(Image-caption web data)
::::
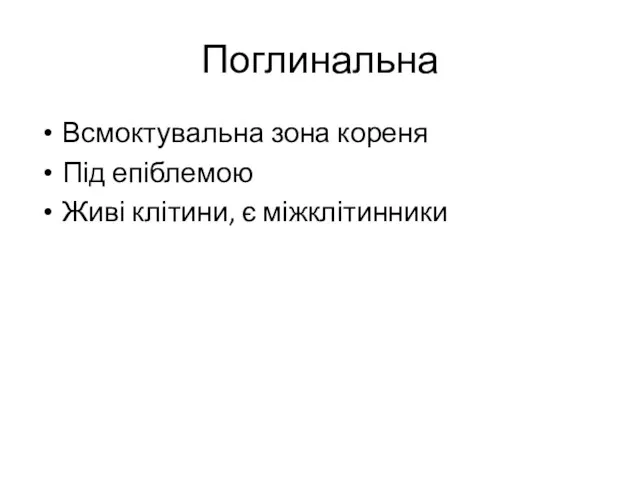 Поглинальна Всмоктувальна зона кореня Під епіблемою Живі клітини, є міжклітинники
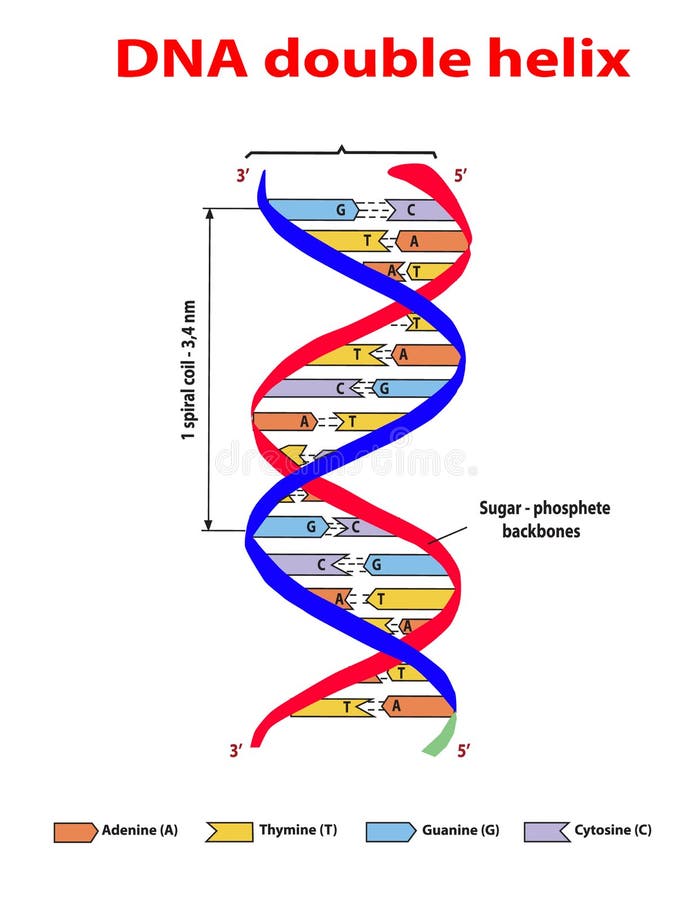 Διπλός έλικας δομών DNA colore στο άσπρο υπόβαθρο Νουκλεοτίδα, φωσφορικό άλας, σάκχαρα, και βάσεις Διανυσματικές πληροφορίες εκπα διανυσματική απεικόνιση Διπλός έλικας δομών DNA colore στο άσπρο υπόβαθρο Νουκλεοτίδα, φωσφορικό άλας, σάκχαρα, και βάσεις Διανυσματικές πληροφορίες εκπα διανυσματική απεικόνιση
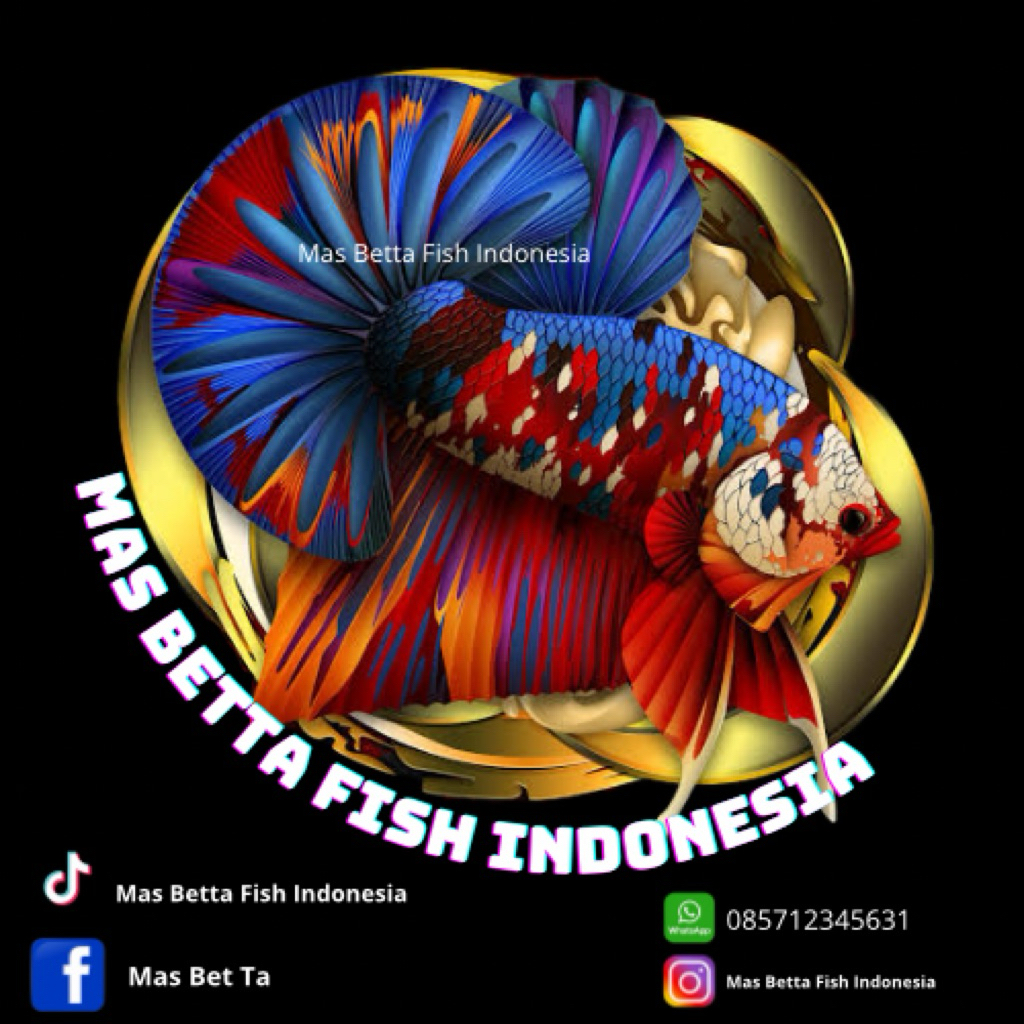 avatar goku dan avatar nebula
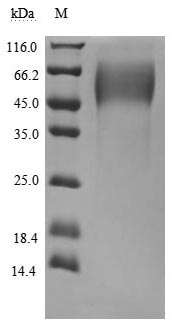 Greater than 95% as determined by SDS-PAGE.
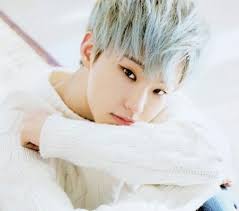 Seventeen's Mint Hair Colors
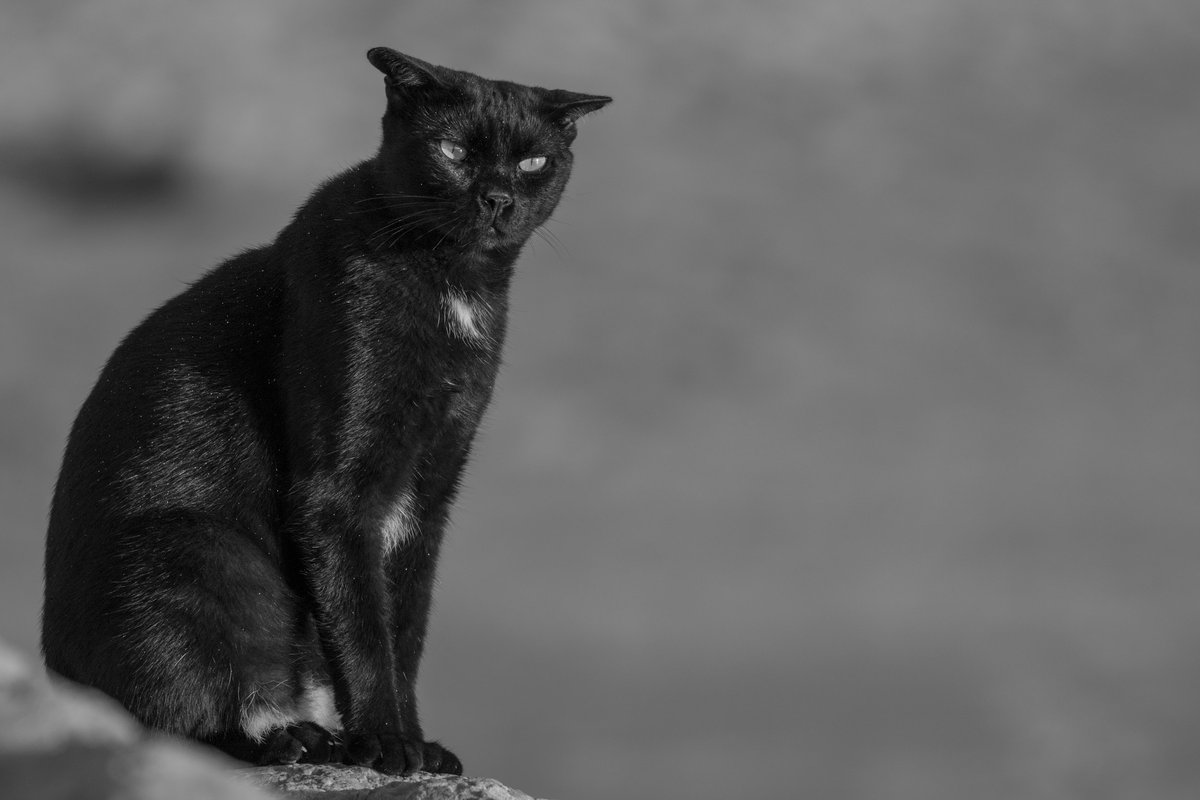 Monochrome 4
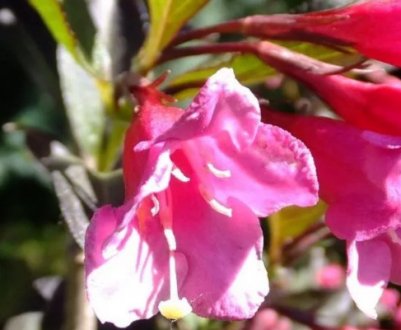 Опис вейгели Нана Пурпурея, посадка і догляд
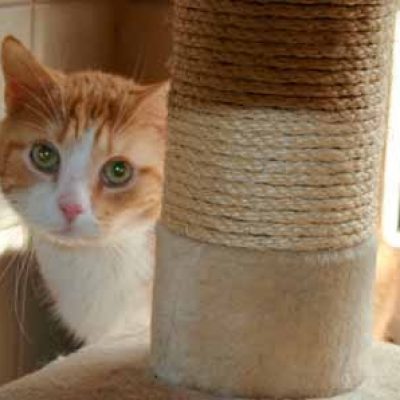 A97781ce9e87bca284b3461b9d41fa2b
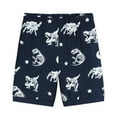thumbnail image 3 of shoper Boys Summer Outfits Size 16 Short Sleeve Tops and Shorts Set Dinosaur Print Crewneck Loose Party Outfits Boys' Two Piece Summer Set Navy 100, 3 of 5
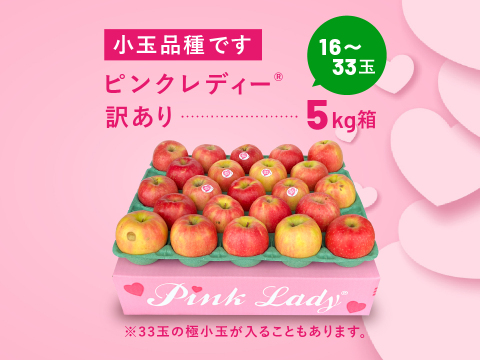 発送中🍎【ヒルナンデスでました！】ピンクレディー®︎ 5キロ訳あり品 加工用 長野県 信州 安曇野 リンゴ 幻 幻のリンゴ 予約 希少 旬 ID36611 ピンクレディー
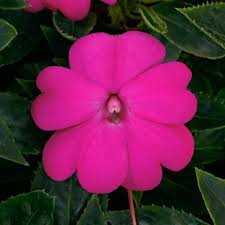 Impatiens, Sunpatiens Compact Lilac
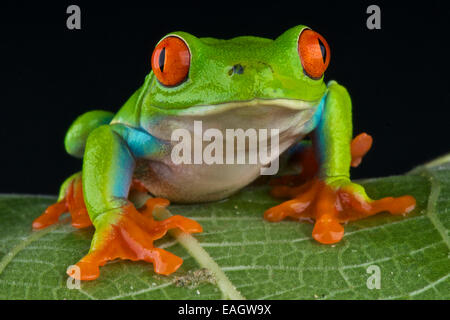 Red-eyed tree frog / agalychnis callidryas Banque D'Images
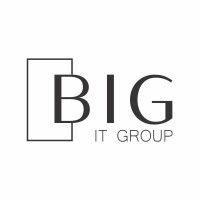 bsg it group logo image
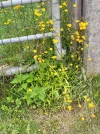 20210711_130648.webp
::::
Write the entries above out again exactly, but not the pictures.

■ Written answer
 Поглинальна Всмоктувальна зона кореня Під епіблемою Живі клітини, є міжклітинники
 Διπλός έλικας δομών DNA colore στο άσπρο υπόβαθρο Νουκλεοτίδα, φωσφορικό άλας, σάκχαρα, και βάσεις Διανυσματικές πληροφορίες εκπα διανυσματική απεικόνιση Διπλός έλικας δομών DNA colore στο άσπρο υπόβαθρο Νουκλεοτίδα, φωσφορικό άλας, σάκχαρα, και βάσεις Διανυσματικές πληροφορίες εκπα διανυσματική απεικόνιση
 avatar goku dan avatar nebula
 Greater than 95% as determined by SDS-PAGE.
 Seventeen's Mint Hair Colors
 Monochrome 4
 Опис вейгели Нана Пурпурея, посадка і догляд
 A97781ce9e87bca284b3461b9d41fa2b
thumbnail image 3 of shoper Boys Summer Outfits Size 16 Short Sleeve Tops and Shorts Set Dinosaur Print Crewneck Loose Party Outfits Boys' Two Piece Summer Set Navy 100, 3 of 5
 発送中🍎【ヒルナンデスでました！】ピンクレディー®︎ 5キロ訳あり品 加工用 長野県 信州 安曇野 リンゴ 幻 幻のリンゴ 予約 希少 旬 ID36611 ピンクレディー
 Impatiens, Sunpatiens Compact Lilac
 Red-eyed tree frog / agalychnis callidryas Banque D'Images
 bsg it group logo image
 20210711_130648.webp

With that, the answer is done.